* **Work item**
Your job with the data below: print everything from the line that holds "Easy Crock-pot Apple" down to the line that holds "Apartments Nika & Karla Bibinje", ends included, exactly, and nothing else.

* **Provided material**
════
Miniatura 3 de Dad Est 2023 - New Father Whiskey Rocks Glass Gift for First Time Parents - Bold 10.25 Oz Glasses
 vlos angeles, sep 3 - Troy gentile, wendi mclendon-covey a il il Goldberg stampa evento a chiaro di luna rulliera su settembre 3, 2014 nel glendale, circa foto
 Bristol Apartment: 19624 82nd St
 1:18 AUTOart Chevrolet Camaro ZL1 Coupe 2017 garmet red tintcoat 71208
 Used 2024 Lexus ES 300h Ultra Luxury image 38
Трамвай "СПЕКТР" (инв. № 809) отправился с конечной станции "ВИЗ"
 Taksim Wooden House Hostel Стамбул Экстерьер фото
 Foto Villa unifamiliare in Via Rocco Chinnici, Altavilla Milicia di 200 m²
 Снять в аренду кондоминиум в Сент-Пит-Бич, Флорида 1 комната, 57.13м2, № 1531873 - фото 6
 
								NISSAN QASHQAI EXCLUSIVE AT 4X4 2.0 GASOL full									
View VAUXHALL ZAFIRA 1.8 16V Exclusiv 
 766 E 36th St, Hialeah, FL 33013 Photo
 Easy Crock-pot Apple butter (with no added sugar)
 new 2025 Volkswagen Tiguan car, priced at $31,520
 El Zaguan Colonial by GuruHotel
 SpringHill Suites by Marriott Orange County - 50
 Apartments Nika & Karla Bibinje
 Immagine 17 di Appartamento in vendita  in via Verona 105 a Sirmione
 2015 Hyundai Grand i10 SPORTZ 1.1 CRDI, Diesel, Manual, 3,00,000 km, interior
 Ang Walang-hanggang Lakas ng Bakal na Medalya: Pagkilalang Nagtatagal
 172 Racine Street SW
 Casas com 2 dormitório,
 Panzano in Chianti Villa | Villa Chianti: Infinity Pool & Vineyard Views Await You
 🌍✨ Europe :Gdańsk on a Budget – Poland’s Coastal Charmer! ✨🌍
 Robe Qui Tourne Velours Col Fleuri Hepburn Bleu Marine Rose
════
* **Problem solution**
 Easy Crock-pot Apple butter (with no added sugar)
 new 2025 Volkswagen Tiguan car, priced at $31,520
 El Zaguan Colonial by GuruHotel
 SpringHill Suites by Marriott Orange County - 50
 Apartments Nika & Karla Bibinje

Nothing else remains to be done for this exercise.